Dataset extract =
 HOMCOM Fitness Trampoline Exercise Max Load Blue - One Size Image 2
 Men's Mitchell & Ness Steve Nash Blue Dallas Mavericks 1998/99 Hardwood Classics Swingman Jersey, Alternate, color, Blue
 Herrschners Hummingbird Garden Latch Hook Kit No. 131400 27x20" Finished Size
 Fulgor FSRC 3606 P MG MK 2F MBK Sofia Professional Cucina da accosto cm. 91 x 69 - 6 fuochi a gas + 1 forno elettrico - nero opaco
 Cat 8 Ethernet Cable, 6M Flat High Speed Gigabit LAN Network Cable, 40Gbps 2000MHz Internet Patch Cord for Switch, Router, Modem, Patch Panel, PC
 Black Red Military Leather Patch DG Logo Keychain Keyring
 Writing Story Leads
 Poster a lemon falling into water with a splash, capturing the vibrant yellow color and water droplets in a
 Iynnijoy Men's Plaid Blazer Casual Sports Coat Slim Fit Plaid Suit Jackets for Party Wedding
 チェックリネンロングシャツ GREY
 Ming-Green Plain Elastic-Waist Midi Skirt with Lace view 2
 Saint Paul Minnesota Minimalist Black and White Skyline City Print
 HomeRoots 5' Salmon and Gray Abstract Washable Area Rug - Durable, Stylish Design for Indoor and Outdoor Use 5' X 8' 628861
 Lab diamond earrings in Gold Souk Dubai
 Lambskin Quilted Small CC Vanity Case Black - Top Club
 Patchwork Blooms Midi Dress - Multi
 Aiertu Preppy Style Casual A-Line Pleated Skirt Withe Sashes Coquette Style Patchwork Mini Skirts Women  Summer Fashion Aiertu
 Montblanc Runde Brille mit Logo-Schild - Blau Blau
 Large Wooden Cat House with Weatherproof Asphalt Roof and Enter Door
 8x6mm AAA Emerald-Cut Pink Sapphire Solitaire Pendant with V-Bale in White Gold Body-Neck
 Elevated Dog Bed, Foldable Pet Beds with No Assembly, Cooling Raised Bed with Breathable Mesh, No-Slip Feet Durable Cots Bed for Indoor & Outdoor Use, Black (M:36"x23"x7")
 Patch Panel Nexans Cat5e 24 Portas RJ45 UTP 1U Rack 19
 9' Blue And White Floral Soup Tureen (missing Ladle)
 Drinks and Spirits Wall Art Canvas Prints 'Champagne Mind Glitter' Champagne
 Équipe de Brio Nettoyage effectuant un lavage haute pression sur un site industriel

Work instruction = Return each line of the preceding material in which "Gold" can be found.

Written reply =
 Lab diamond earrings in Gold Souk Dubai
 8x6mm AAA Emerald-Cut Pink Sapphire Solitaire Pendant with V-Bale in White Gold Body-Neck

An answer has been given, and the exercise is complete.